For now I've worked around this by reverting to a single database and using fields in the dataset meta to distinguish. However, I would be curious to know what the root cause is and whether it's possible to work with multiple connections to different databases through prodigy.

Hi @FourthPartyAI,

Apologies for the delay in response!
The root cause of what you're observing is that Prodigy's db proxy is a global variable which means that it's being updated with every call to connect method. This means you can have only one active db connection at a time.
This is a recommended peewee setup and it is meant prevent issues with multiple open connections and to ensure that all parts of the application are using the same database connection.
Please see the yellow warning box in connect method docs for more details.
One way to work around it would be to use DB connection sequentially by calling .close() on the opened input connection once it is not needed. You could use context manager to make it more explicit in code:

from contextlib import contextmanager
from prodigy.components.db import connect
from prodigy.component.stream import Stream

@contextmanager
def database_connection(db_id, settings):
    db = connect(db_id, settings)
    try:
        yield db
    finally:
        db.close()

input_db_settings = {(...)}
with database_connection("postgresql", input_db_settings) as input_db:
    examples = input_db.get_dataset_examples("dataset2")
    stream = Stream.from_iterable(examples)

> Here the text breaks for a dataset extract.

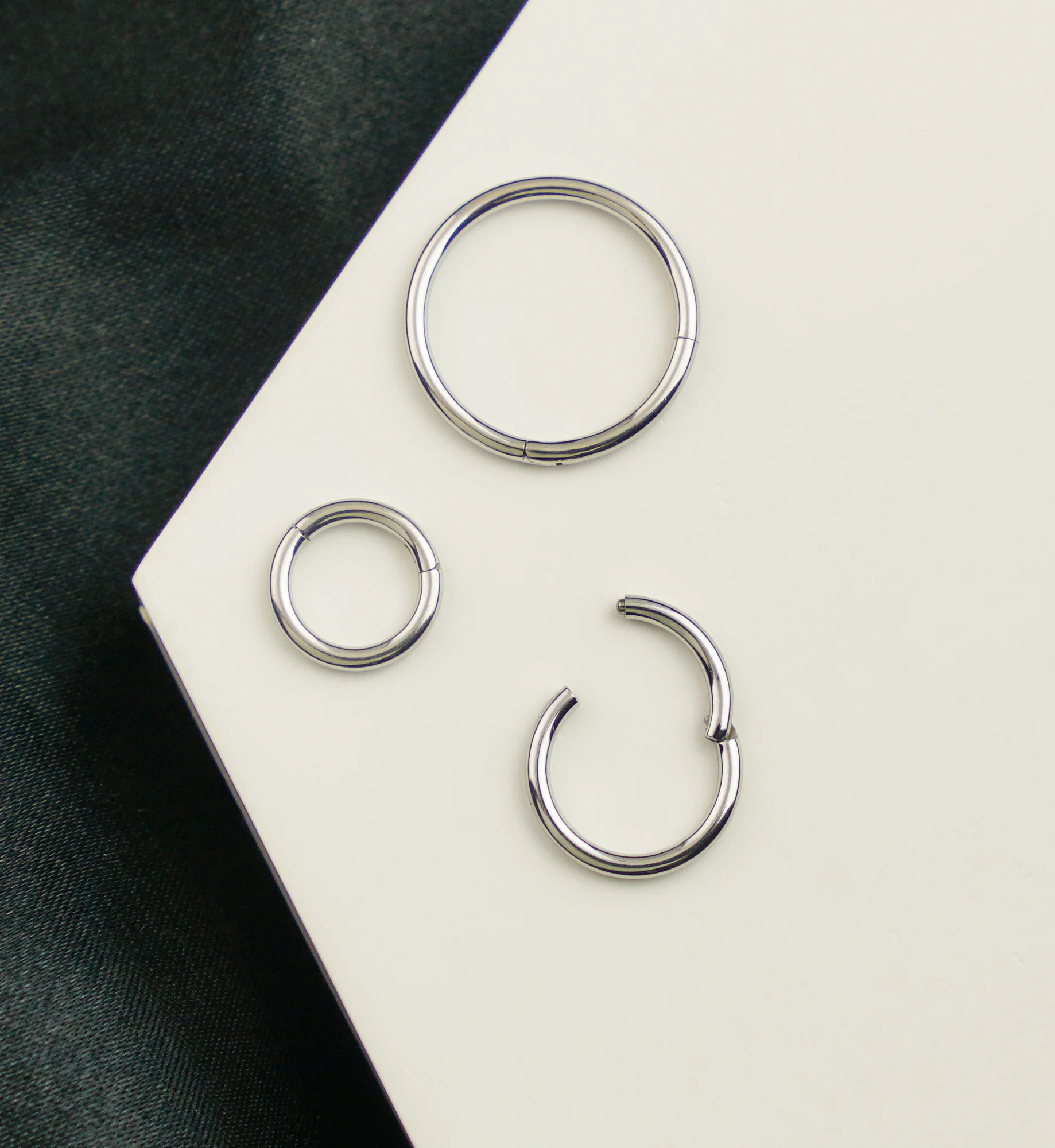 Platinum PVD Titanium Hinged Segment Hoop Ring - Image 4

but this obviously doesn't change the fundamental behavior of Prodigy's global db_proxy. Each call to connect() will still reinitialize the global proxy, and close() only closes the connection but doesn't "uninitialize" the proxy.
So while the context manager helps with connection cleanup, it doesn't solve the underlying limitation of only being able to have one active connection at a time. It just makes the connection lifecycle more explicit and manageable.
The remaining options left, as I see it is to:

  1. work directly with peewee or another database library, but that would mean losing the benefits and functionality that Prodigy's DB layer provides.
  2. store both input and output in a single DB like you did - which is what I would recommend.